Prompt -
Your task is to copy exactly the lines from the line containing "Becca, Ultimate Coverage, 24" through the end of the listing below, with pictures left out.

*** Provided material ***

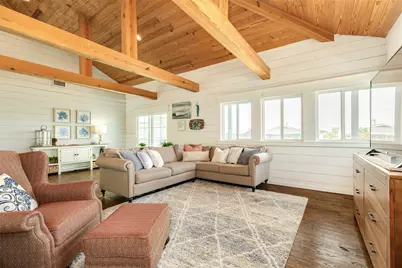 202 Schooner Drive, Freeport, TX 77541 - Photo 23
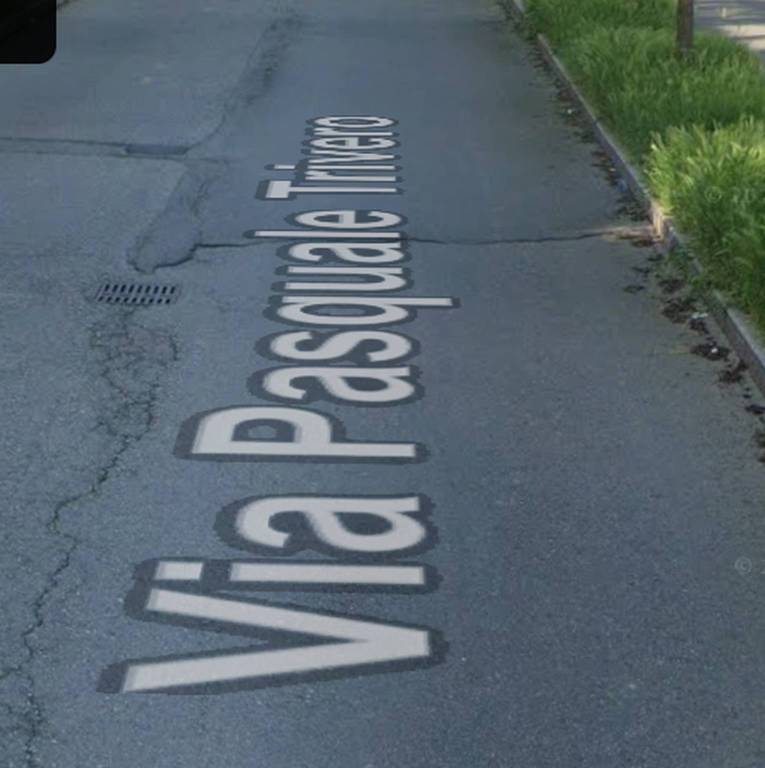 ufficio in vendita a Ciriè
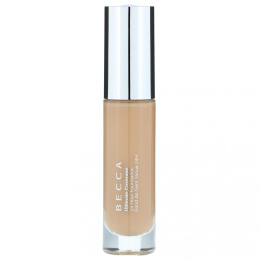 Becca, Ultimate Coverage, 24 Hour Foundation, Tan, 1.0 fl oz (30 ml)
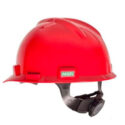 CASCO V-GARD – MSA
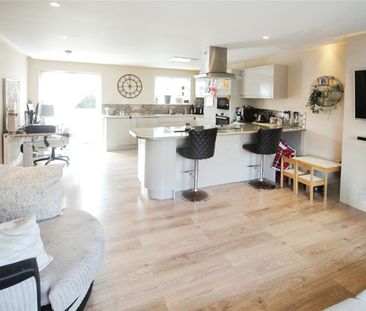 2 bedroom house to rent - Photo 6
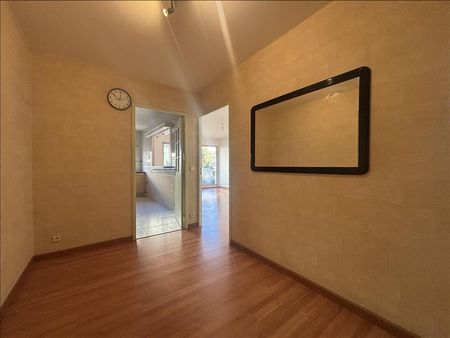 4 pièces - 84,62 m² - 2ème étage - Colocation non autorisée - Photo 4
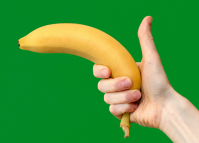 Disfunção erétil deixou de ser tabu? SUS apresenta aumento no tratamento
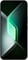 Фото - Смартфон Infinix GT 30 X6876 8/256GB Shadow Ash | click.ua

*** End of Provided material ***

Response box -
 Becca, Ultimate Coverage, 24 Hour Foundation, Tan, 1.0 fl oz (30 ml)
 CASCO V-GARD – MSA
 2 bedroom house to rent - Photo 6
 4 pièces - 84,62 m² - 2ème étage - Colocation non autorisée - Photo 4
 Disfunção erétil deixou de ser tabu? SUS apresenta aumento no tratamento
 Фото - Смартфон Infinix GT 30 X6876 8/256GB Shadow Ash | click.ua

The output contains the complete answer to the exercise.